**Activity**
Restate the listing below word for word. No picture belongs in the result.

########################################

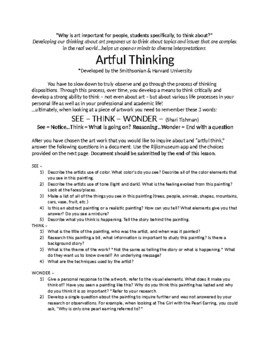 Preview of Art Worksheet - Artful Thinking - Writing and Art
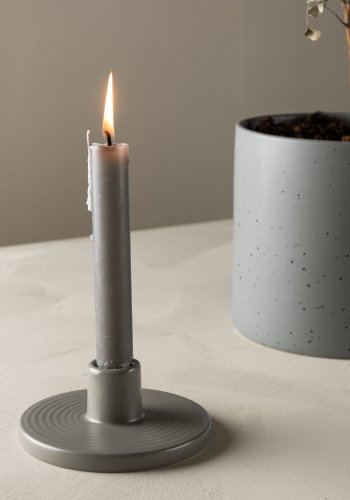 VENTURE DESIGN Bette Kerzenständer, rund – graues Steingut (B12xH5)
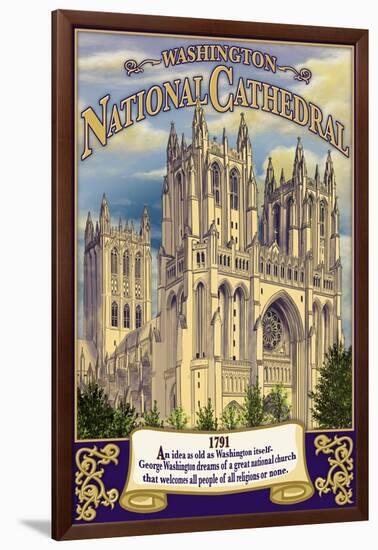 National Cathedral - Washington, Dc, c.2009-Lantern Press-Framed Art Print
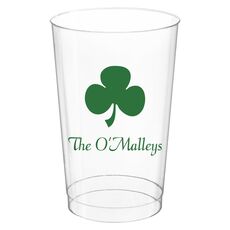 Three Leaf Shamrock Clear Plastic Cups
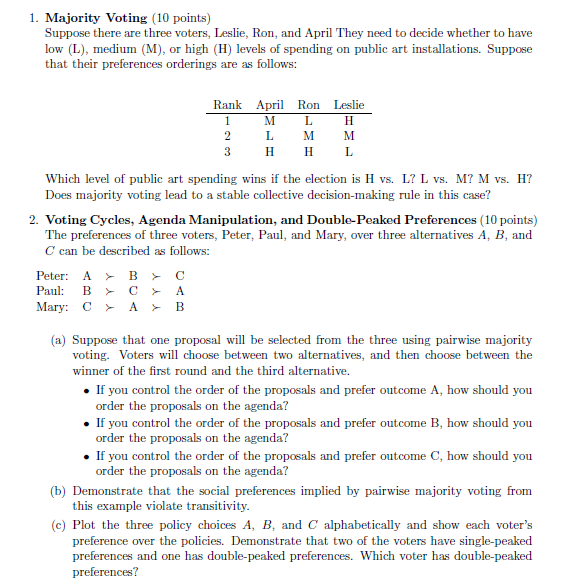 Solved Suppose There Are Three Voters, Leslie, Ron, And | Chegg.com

########################################

**Reply**
 Preview of Art Worksheet - Artful Thinking - Writing and Art
 VENTURE DESIGN Bette Kerzenständer, rund – graues Steingut (B12xH5)
 National Cathedral - Washington, Dc, c.2009-Lantern Press-Framed Art Print
 Three Leaf Shamrock Clear Plastic Cups
 Solved Suppose There Are Three Voters, Leslie, Ron, And | Chegg.com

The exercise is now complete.